REQUIREMENT ::
Among the entries below, please repeat exactly and only the lines from the line containing "478 Mountain Road, Crownsville, MD" to the line containing "Little Dutch Καλάθι", both lines included.

DATASET EXTRACT ::
[Start of Attachment]

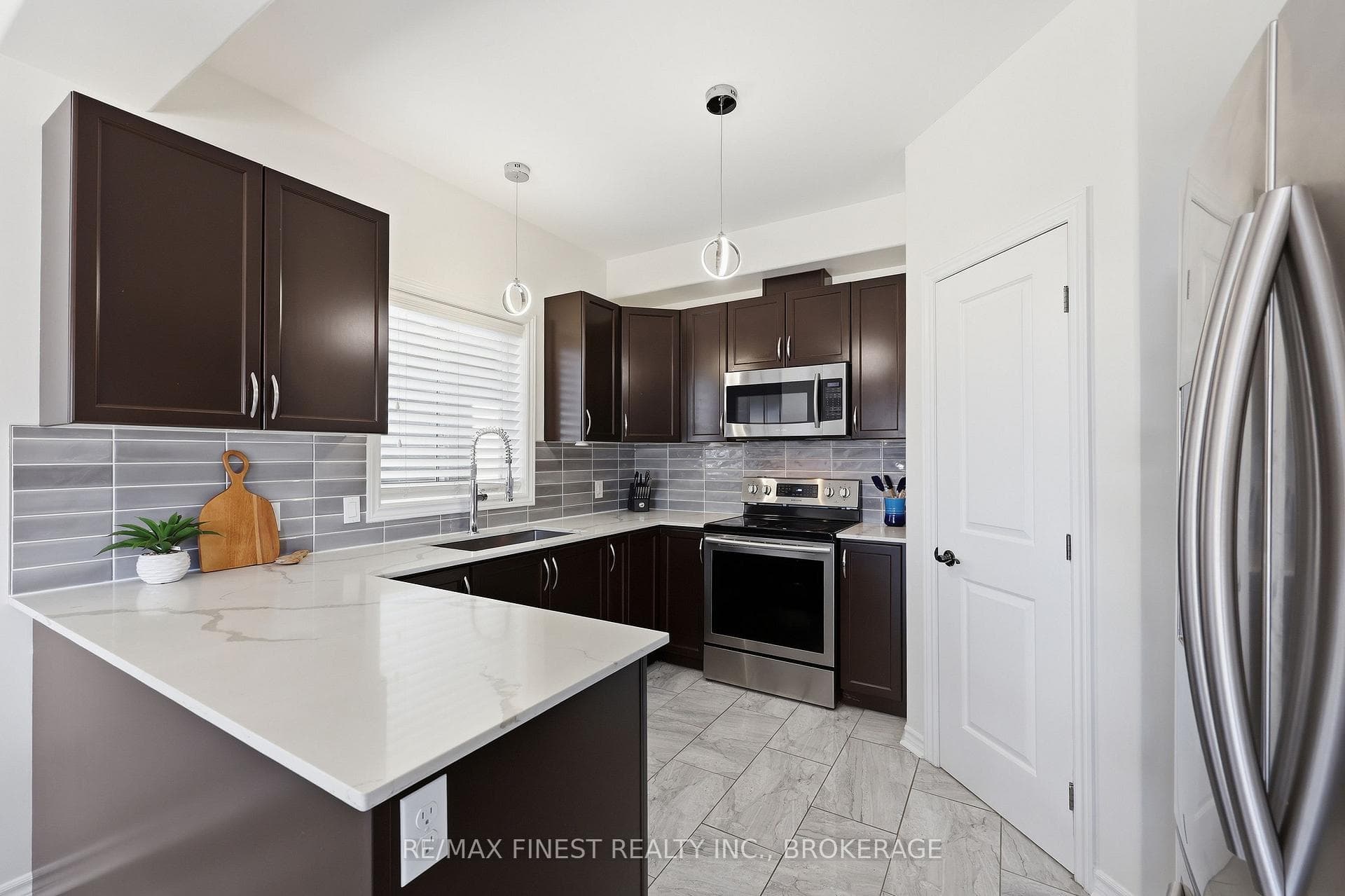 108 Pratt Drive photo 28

[End of Attachment]
[Start of Attachment]

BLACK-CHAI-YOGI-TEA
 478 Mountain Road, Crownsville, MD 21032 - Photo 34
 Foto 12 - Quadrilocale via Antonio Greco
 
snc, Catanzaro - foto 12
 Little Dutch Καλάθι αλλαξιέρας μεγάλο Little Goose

[End of Attachment]
[Start of Attachment]

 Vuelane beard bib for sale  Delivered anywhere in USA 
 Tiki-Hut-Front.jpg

[End of Attachment]

ANSWER FOR THE TASK ::
 478 Mountain Road, Crownsville, MD 21032 - Photo 34
 Foto 12 - Quadrilocale via Antonio Greco
 
snc, Catanzaro - foto 12
 Little Dutch Καλάθι αλλαξιέρας μεγάλο Little Goose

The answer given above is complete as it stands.